Leaving out all pictures, write out word for word the lines from the one containing "Midnight Blue Petite" to the end of the data below.

## Supplied data
================================
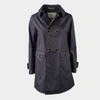 HERNO HERNO BLUE DOUBLE-BREASTED TRENCH COAT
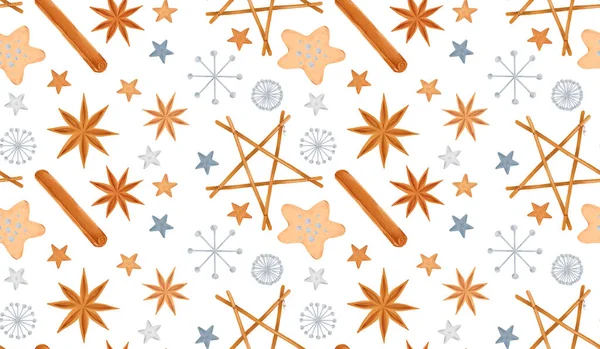 Aquarela jacaré inverno acolhedor padrão sem costura Ano Novo. Natal especiarias estrela anis canela. Desenhos animados lisos ilustrações de cookies, estrelas, galho estrela e flocos de neve isolados em fundo branco — Fotografia de Stock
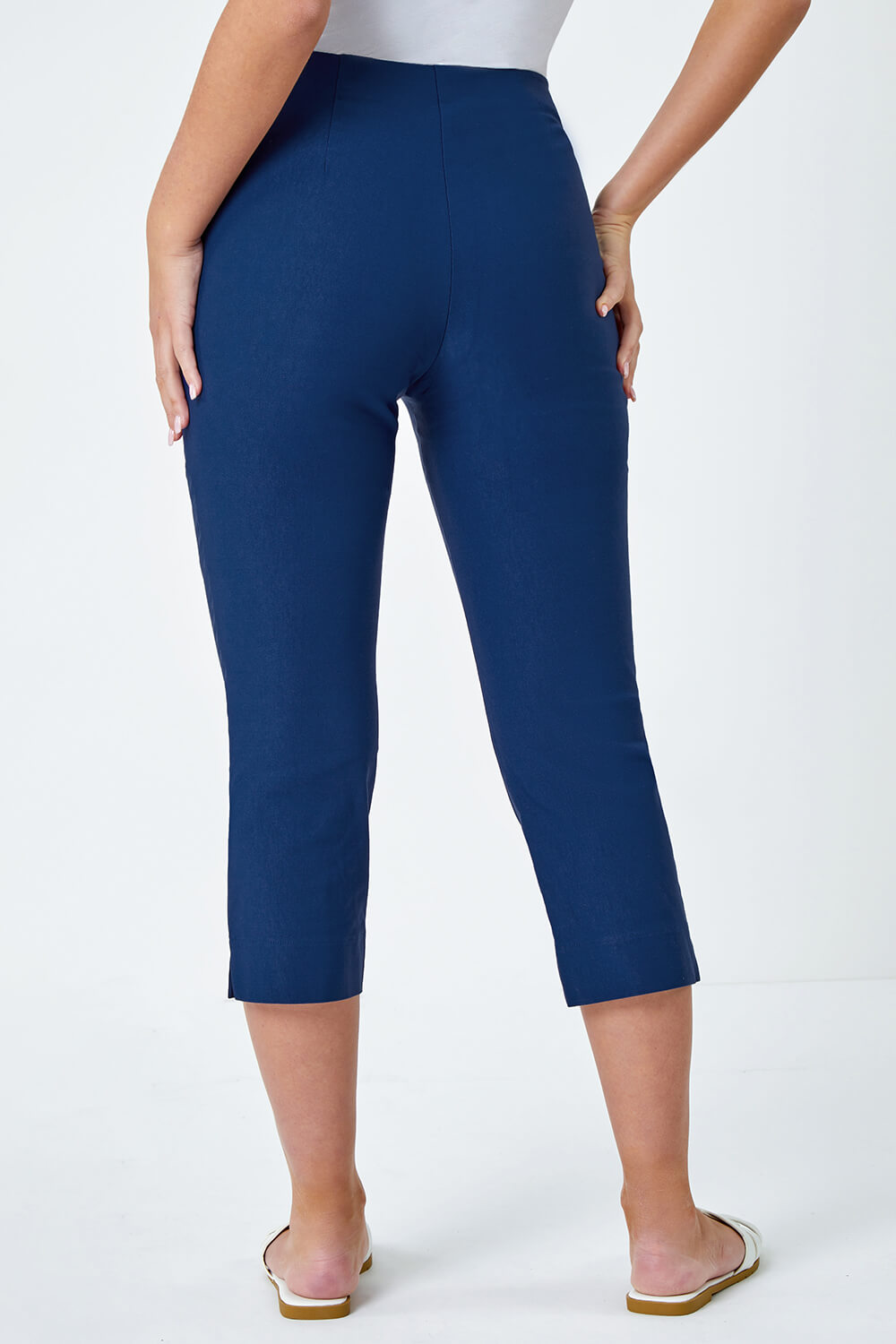 Midnight Blue Petite Cropped Stretch Trousers, Image 3 of 5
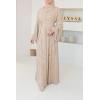 Abaya Dubaï beige manches bouffantes perles Neyssa Shop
================================
## Solution for this task
 Midnight Blue Petite Cropped Stretch Trousers, Image 3 of 5
 Abaya Dubaï beige manches bouffantes perles Neyssa Shop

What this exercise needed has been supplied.